I leave the broken bowstring (but not the bow) to the next user.
I turn the broken bowstring into a g-string and leave it to the next user and a handwritten note saying "You'll look sexy wearing this"
I put that g-string on a violin, and leave said violin, with a bow (but no arrows, not that kind of bow), for the next user. Oh, and rosin as well, and a case, and whatever other supplies a violinist would generally need.
I behold this violin adorned with a string that's made of the wrong material and won't make music at all; I destroy it to make a point and leave a pile of wood and modified swimwear to the next person.
I shred the swimwear then use it plus the wood then obtain even more wood, carpet and blue paint to build a Cat TARDIS, which I leave for the next poster.
And thus my cat has become the next Timelord, and the fact that I have not yet got a cat is easily explained by its time-travelling activities.

I leave to the next user an opportunity to become the next Dr. Who.
I become the next Dr, Who, but the reactions of some fans are so vile that it would get them banned from this forum, so that doesn't last that long.
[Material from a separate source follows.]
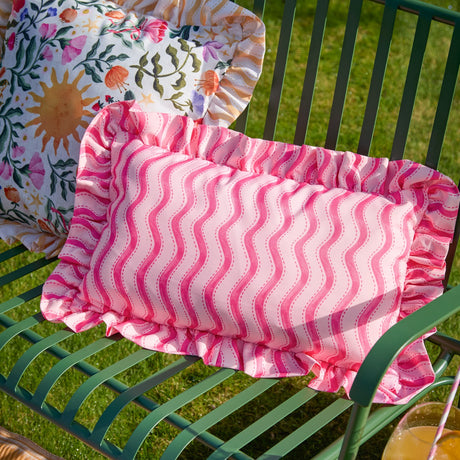 Summer Solstice Wiggly Stripe rectangular outdoor cushion in hot pink, wavy vertical stripe print with gathered ruffle trim, shown on a green garden bench.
However, during my time of Dr. Who, I am able to build a weapon that's pinsert Moser's number here] times as powerful as an atomic bomb. (In other words, it's more than powerful enough to obliterate the entire universe.) I then leave said bomb for the next user.
I toss the bomb into an All-Purpose Pocket Dimension... then leave the bomb, inside the pocket dimension along with instructions on how to use a pocket dimension for the next user to deal with.

edit - pocket dimension instructions here (you get this page only):
[url=https://www.dandwiki.com/wiki/All-Purpose_Pocket_Dimension_(5e_Equipment]https://www.dandwiki.com/wiki/All-Purpose_Pocket_Dimension_(5e_Equipment[/url])
Post edited August 05, 2021 by LordCephy
I allow the bomb inside the pocket dimension to explode.

Unfortunately, while the description said the inside was "indestructible", that turned out to not be true. The inside, it turns out, can only handle a finite amount of force, more than what exists in the universe without the bomb, but not even close to what the bomb is capable of producing.

At this point, in order to stop the explosion, I take a number of iron atoms equal to Grahams number (much bigger than Moser's number) and use them to block the explosions.

Unfortunately, I have nowhere to put that amount of iron once I'm done, as there isn't enough space in the universe for that amount of iron, so I leave it for the next user.
I etch into the surface of a sample-planet of this pure iron a historical record in plain English of what has transpired on this page thus-far. It includes the explanation that what Dtgreene made is a Reality Bomb, something already in Doctor Who lore with exactly the capabilities she describes and made of over a dozen planets of very specific atomic composition (including Earth) in careful gravity-balance with each other. Furthermore, that Dtgreene built a Reality Bomb instead of contriving a counter-measure against it as David Tennant did is exactly why the fans revolted; it was grossly out-of-character enough to make Jodie Wittaker's cowardice look smooth and clever.

I leave this pure-iron planet directly opposite of Earth on the same orbit.
Post edited August 06, 2021 by LegoDnD
It seems that the pure-iron planet's mass is so large that ehe entirety of the universe (not just the observable universe) crushes into it in far less than one unit of Planck time, ending life and the universe as I know it.

So, I leave, in some other universe, an hourglass of time regression for the next user.
Picard doesn't have enough face-palms for this.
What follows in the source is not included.